In FIGS. 2-4, block diagrams illustrate storing and updating of host objects on a storage compute device 200 according to an example embodiment. A host 202 communicates via a host interface (not shown) with an object storage component 204 of the storage compute device 200. In this example, the host 202 is sending to the object storage component 204 a command 206 to store a matrix data object. The command 206 includes metadata 206 a and data 206 b of the stored object. In this example, the metadata 206 a may include an identifier (e.g., “Matrix A”), a description of the size of the matrix, etc. The data 206 may include a data structure (e.g., delimited list, packed array) that includes values of at least some of the matrix entries. The matrix may be stored in a compressed format. For example, if the matrix is sparse (mostly zeros) a compressed format may only describes a subset of the entries, and the rest of the entries are assumed to be zero. A number of compressed matrix formats are known in the art.

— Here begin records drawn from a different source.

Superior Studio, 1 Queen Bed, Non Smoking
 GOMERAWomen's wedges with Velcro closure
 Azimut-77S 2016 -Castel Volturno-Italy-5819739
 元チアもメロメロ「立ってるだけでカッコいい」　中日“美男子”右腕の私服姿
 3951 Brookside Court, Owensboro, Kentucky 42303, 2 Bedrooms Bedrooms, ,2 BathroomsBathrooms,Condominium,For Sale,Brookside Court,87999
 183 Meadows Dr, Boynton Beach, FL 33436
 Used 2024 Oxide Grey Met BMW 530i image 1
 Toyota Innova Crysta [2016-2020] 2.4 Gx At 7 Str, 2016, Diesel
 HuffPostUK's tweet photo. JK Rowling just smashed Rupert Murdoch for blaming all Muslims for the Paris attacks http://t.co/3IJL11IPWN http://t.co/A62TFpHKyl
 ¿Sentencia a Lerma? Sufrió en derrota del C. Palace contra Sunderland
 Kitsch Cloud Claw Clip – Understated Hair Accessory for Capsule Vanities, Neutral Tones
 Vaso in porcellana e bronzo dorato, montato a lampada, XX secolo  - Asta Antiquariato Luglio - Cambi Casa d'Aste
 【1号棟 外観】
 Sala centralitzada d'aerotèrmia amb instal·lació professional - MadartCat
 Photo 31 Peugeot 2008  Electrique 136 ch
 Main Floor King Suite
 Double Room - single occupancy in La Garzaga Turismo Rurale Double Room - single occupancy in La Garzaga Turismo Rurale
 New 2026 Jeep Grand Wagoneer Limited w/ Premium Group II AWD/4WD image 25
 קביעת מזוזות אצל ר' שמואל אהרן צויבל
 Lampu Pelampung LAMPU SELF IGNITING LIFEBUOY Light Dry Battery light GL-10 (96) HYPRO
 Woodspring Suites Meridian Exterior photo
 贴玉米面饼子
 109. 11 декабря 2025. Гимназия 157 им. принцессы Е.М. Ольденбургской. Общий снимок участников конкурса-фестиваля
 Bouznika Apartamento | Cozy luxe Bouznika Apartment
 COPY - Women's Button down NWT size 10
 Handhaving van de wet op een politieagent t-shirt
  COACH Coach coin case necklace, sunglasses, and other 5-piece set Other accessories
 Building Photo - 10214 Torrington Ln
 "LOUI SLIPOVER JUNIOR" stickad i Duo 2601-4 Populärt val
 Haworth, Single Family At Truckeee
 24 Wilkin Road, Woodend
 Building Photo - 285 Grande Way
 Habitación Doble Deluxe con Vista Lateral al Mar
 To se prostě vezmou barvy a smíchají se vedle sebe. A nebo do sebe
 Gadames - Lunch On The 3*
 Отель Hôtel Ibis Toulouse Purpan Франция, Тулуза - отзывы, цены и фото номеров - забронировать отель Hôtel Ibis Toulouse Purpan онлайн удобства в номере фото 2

As seen in FIG. 2, the command 206 results in the data 206 b being stored in a primary storage unit 208 (e.g., mass storage unit). In this example, the data 206 b is not significantly changed before storage, although in some cases the object storage component 204 may change the data, such as by removing delimiters, further compression, etc. A changed version of the metadata 206 c is stored in a database 210. The database 210 may part of the storage unit 208, e.g., a reserved file or partition, or may be a separate storage device. Generally, the object storage component 204 adds additional data to the host-supplied metadata 206 a to form the changed metadata 206 c. The additional data may include internal identifiers, start address of the storage unit 208 where the data 206 b can be found, size of the data 206 b, version, etc.
The versioning data within the metadata 206 c will be of interest to an object versioning component 212. The object versioning component 212 may receive a communication, as indicated by dashed line 214, when the object is created, or at least when the object is changed. In one configuration, the objects may receive a default initial revision upon creation, and the object versioning component 212 may only need to track versions after updates occur. An example of updating the illustrated matrix is shown in FIG. 3.
In FIG. 3, a host command 300 includes metadata 300 a and data 300 b. This appears similar to the matrix creation command 206 in FIG. 2, except as can be seen in modified metadata 300 c, the command type indicates it is an update, and the “applies to” field gives a unique ID and range within the original object (or other version of the object) to which the update applies. The object storage component 204 will add other data to create the updated metadata 300 c, such as an address within the storage unit 208 where the data 300 b is stored. As with the original command 206, the data 300 b of command 300 may be modified before storage or stored as-is, the latter being shown here.
In FIG. 4, a block diagram illustrates how a version of stored matrix from FIGS. 2 and 3 can be retrieved. In this example, the host 202 sends a request 400 for a particular version of the matrix that was previously stored and updated. The object storage component 204 receives the request 400 and sends its own request 402 to the object versioning component 212. In response, the object versioning component 212 performs an assembly operation 404 to provide the requested version.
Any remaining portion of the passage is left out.